As US and China spar over trade, Japan may avoid a direct hit – for now
First round of tariffs expected to have limited impact, but if conflict worsens it could lead to further appreciation of yen and punitive duties on Japanese cars

Japan, the world’s fourth largest economy, is likely to suffer from weaker trade flows and a further economic slowdown if tensions between China and the US continue to escalate – though a direct impact would be limited for now.
A spiralling dispute could lead to further appreciation of the yen and a large-scale sell-off on global stock markets – or the worst-case scenario of an all-out trade war that may include US President Donald Trump’s threatened punitive duties on Japanese cars, economists warned.

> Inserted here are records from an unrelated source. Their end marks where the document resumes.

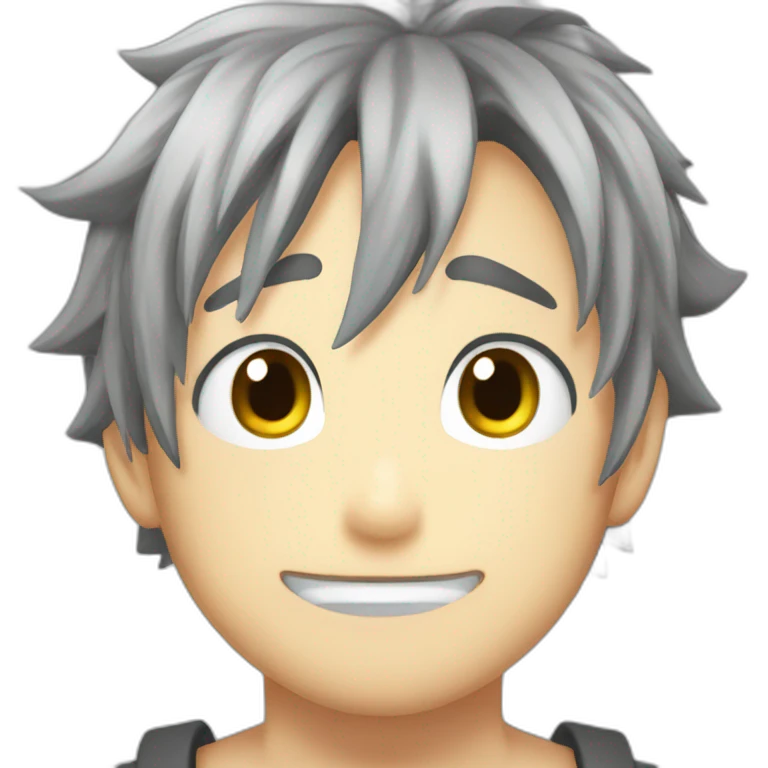 Natsu embrasse Grey emoji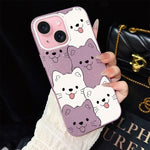 Custodia ibrida PC TPU con motivo cucciolo per iPhone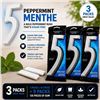 Image 1 : 3 WRIGLEY'S 5 PEPPERMINT GUM 3X15 STICKS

Washington and Beijing are set to take the first major step in escalating the trade conflict on Friday, when the Trump administration is expected to slap 25 per cent tariffs on US$34 billion worth of Chinese products from more than 800 categories – including intermediate goods such as parts for planes, printed circuit boards, light-emitting diodes and optical fibres.
“Although Japan has been wary about China’s rise in the past years, it would be an opportunity for Japanese companies if the Chinese economy remains stable,” He Ping, an associate professor at Fudan University, said. “If the Chinese economy slows down because of the trade dispute, that is never going to be good news for Japan.”

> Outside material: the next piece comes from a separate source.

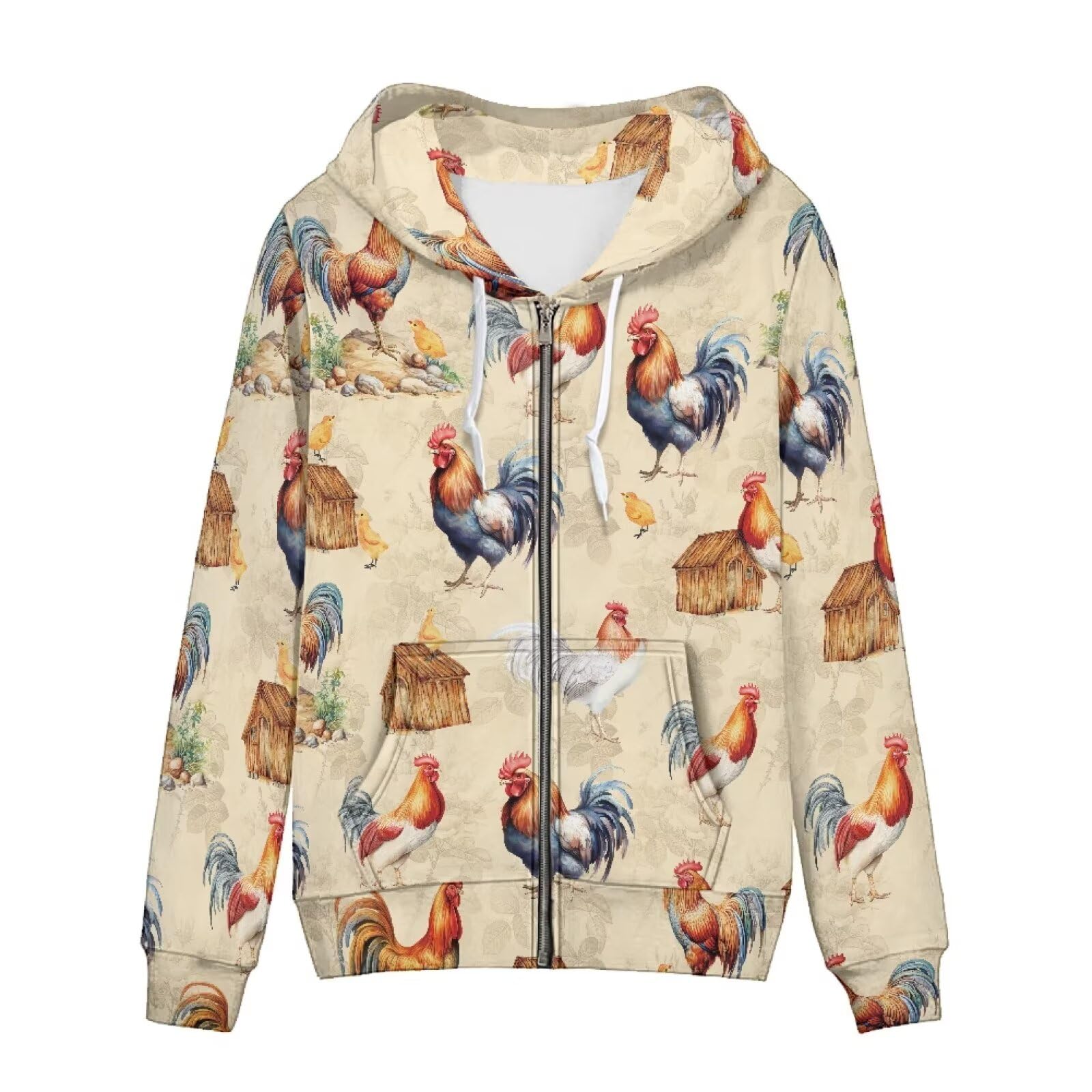 Tongluoye Womens Hoodies Zip Up Lightweight Long Sleeve Thin Hooded Sweathsirt Trendy Jacket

There are growing concerns over whether economies in Asia, particularly countries like Japan – a supply chain superpower and exporter to China and the US – will be caught in the crossfire of the first round of tit-for-tat tariffs.
Japan is the biggest contributor to China’s foreign value-added exports to the US, accounting for 5.5 per cent of the total value-added shipments, according to OECD-WTO data. That would mean Japan’s exports of intermediate goods to China and the US would be vulnerable if there was a slowdown in trade flows between the world’s two biggest economies.